Dari uraian di atas bisa ditarik kesimpulan bahwa klausa memang berpotensi untuk menjadi kalimat tunggal karena di dalamnya sydah ada fungsi sintaksis wajib, yaitu subjek dan predikat.
c.    kalimat
Kalimat itu merupakan satuan yang langsung digunakan dalam berbahasa, maka para tata bahasawan tradisional biasanya membuat definisi kalimat dengan mengaitkan peranan kalimat itu sebagai alat interaksi dan kelengkapan pesan atau isi yang akan disampaikan. Oleh karena itu, definisi seperti “Kalimat adalah susunan kata-kata yang teratur yang berisi fikiran yang lengkap” merupakan definisi umum yang biasa kita jumpai. Malah dalam pelajaran bahasa Arab di madrasah atau pesantren definisi kalimat yang berbunyi “Kalimat adalah lafal yang tersusun dari buah kata atau lebih yang mengandung arti, dan disengaja serta berbahasa Arab” dianggap sebagai definisi yang sudah baku (djuha 1989).
Berbagai definisi mengenai kalimat memang telah banyak dibuat orang. Disini dalam kaitannya dengan satuan-satuan sintaksis yang lebih kecil (kata, frase dan klausa) kita akan mengikuti konsep, bahwa kalimat adalah satuan sintaksis yang disusun dari konstituen dasar, yang biasanya berupa klausa, dilengkapi dengan konjungsi bila diperlukan, serta disertai dengan intonasi final (djoko kentjono).
Dari rumusan itu bisa disimpulkan, bahwa yang penting atau yang menjadi dasar kalimat adalah konstituen dasar dan intonasi final, sebab konjungsi hanya ada kalau diperlukan. Konstituen dasar itu biasanya berupa klausa. Jadi, kalau pada sebuah klausa diberi intonasi final, maka akan terbentuklah kalimat itu.
Jenis kalimat
Kalimat imperatif adalah kalimat yang meminta pendengar atau pembaca melakukan suatu tindakan.
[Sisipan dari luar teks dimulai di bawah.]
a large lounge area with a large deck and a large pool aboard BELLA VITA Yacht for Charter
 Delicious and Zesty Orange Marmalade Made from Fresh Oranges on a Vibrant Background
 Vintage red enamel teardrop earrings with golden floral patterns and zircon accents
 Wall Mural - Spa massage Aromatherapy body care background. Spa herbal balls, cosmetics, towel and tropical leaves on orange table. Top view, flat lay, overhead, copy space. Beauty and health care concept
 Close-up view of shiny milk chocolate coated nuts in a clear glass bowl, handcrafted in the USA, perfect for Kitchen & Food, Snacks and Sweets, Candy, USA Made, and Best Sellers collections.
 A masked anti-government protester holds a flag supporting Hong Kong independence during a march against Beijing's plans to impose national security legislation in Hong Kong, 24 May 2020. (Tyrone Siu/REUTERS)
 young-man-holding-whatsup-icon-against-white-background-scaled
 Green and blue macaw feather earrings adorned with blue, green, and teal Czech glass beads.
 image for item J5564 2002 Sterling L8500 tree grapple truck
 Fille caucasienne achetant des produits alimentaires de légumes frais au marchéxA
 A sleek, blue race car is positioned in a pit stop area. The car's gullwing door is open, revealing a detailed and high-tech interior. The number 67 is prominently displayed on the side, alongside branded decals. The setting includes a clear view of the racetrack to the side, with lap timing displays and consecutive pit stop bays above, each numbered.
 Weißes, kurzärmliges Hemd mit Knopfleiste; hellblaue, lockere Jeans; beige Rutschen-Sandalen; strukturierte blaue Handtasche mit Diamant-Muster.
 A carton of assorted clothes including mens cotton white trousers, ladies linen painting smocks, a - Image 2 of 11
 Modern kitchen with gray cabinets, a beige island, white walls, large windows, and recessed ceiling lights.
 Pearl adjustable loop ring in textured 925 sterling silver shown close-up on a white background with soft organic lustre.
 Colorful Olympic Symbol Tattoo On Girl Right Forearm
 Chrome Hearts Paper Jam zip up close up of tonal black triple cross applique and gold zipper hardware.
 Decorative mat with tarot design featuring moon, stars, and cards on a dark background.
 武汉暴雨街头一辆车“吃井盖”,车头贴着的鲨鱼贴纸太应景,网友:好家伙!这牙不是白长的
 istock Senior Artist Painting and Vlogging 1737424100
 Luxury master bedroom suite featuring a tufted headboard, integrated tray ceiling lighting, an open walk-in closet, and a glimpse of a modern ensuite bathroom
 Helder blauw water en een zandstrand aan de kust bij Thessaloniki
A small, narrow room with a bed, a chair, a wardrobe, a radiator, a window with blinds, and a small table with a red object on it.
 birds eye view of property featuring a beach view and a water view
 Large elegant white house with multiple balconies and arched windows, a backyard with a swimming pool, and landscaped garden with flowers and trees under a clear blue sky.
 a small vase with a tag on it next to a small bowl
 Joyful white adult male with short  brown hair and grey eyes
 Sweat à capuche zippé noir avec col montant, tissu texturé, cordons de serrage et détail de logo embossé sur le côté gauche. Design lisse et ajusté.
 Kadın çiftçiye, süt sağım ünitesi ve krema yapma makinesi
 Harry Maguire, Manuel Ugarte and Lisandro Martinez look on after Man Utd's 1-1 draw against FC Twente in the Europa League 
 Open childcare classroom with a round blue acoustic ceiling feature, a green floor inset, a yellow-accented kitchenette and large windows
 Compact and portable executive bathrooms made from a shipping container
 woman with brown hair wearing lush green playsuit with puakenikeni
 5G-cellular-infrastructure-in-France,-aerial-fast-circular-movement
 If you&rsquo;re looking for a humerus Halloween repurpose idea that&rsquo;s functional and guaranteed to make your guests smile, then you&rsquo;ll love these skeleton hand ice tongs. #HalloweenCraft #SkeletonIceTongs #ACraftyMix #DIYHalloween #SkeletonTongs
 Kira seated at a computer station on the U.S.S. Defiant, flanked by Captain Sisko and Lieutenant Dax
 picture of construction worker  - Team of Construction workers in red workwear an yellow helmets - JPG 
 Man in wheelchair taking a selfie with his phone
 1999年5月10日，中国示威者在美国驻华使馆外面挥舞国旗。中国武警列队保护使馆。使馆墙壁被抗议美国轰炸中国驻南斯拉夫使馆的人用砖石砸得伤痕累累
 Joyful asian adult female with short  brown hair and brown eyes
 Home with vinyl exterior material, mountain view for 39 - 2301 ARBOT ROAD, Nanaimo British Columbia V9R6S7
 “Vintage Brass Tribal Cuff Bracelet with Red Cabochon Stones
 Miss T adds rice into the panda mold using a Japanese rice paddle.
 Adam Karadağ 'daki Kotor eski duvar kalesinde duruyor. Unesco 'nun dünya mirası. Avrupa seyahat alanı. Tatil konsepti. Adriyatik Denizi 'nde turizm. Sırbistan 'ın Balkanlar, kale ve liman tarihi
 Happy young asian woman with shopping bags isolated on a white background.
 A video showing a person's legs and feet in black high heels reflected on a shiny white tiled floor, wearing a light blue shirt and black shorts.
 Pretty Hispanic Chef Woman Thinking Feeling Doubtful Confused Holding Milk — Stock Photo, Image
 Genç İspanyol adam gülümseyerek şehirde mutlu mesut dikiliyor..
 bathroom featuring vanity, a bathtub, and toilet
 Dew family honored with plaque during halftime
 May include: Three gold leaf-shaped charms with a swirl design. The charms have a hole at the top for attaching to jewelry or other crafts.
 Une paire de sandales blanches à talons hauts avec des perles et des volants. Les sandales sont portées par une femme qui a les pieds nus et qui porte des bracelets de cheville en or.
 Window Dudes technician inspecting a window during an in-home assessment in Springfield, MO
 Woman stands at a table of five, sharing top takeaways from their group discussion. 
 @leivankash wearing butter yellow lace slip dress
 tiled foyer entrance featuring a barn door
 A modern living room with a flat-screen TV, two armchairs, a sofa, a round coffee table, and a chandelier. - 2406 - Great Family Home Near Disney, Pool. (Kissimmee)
Kalimat imperatif dapat berupa kalimat perintah, kalimat himabauan, dan kalimat larangan.
Kalimat perintah
Kalimat perintah mengharapkan adanya reaksi berupa tindakan khusus fisik. Menurut sifatnya dapat di bedakan adanya kalimat perintah yang tegas, yang biasa, dan yang halus.
a.    Kalimat perintah yang tegas di bentuk dari sebuah klausa tidak lengkap,biasanya hanya berupa verba dasar, disertai dengan intonasi kalimat perintah. Dalam bahasa tulis intonasi ini di ganti dengan (tanda seru).
Contoh: bersihkan!
              Tembak!
              Tulis!
Disini verba itu dapat pula di lengkapi dengan objek atau keterangan agar tidak menimbulkan salah paham.misalnya kalimat imperatif diatas
menjadi: bersihkan ruangan ini!
               Tembak kakinya!
               Tulis namamu disini!
    Dalam situasi yang sudah diketahui akan apa yang harus dilakukan oleh pendengar maka kalimat imperatif itu dapat berupa hanya menyebut nama orang yang di perintah umpanya, situasi ketika berlangsung pelajaran membaca pelajaran di kelas, beberapa murid telah mnedapat giliran membaca, maka kalau guru mau menyuruh murid yang bernama sudin untuk membaca, maka kalimat perintah dapat hanya berupa:
•    Sudin!
b.    Kalimat imperatif yang biasa di bentuk dari sebuah klausa berpredikat verba yang di beri partikel lah, serta dengan menanggalkan subjeknya. Contoh:
•    Jagalah kebersihan!
•    Bayarlah dengan uang pas!
•    Datanglah pada waktunya!
Kalau orang yang di perintah itu tertentu, maka subjek pada kalimat tersebut haris di tampilkan. Misalnya:
•    Ali,  jagalah kebersihan!
•    Ahamd, datanglah tepat waktu!
•    Fatimah, rapikan dulu meja tulis itu!
c.    Kalimat imperatif, halus, sopan, di bentuk dengan menggunakan kata-kata tertentu yang menunjukkan tingkat kesopanannya. Kata-kata tersebut adalah mohon, harap, tolong, minta, silahkan, sebaiknya, dan hendaknya. Contoh:
•    Mohon agar surat-surat itu bapak tanda tangani dulu
•    Kami harap anda bisa memberi bantuan sekedarnya
•    Tolong sampaikan salam ini kepadanya
•    Saya minta agar sodara meninggalkan tempat ini
•    Silahkan mencicipi hidangan yang ala kadarnya ini
•    Sebaiknya anda menunggu sebentar di sini
•    Hendaknya sodara berhati-hati kalau bicara di sini
Cara lain untuk memerintah dengan cara halus adalah dengan menggunakan kalimat imperatif. Contoh:
•    Dapatkah anda menunggu sebentar di sini?
•    Apakah tidak sebaiknya kita berangkat sekarang?
•    Sambil menunggu kedatangan beliau, dapatkah anda membantu saya?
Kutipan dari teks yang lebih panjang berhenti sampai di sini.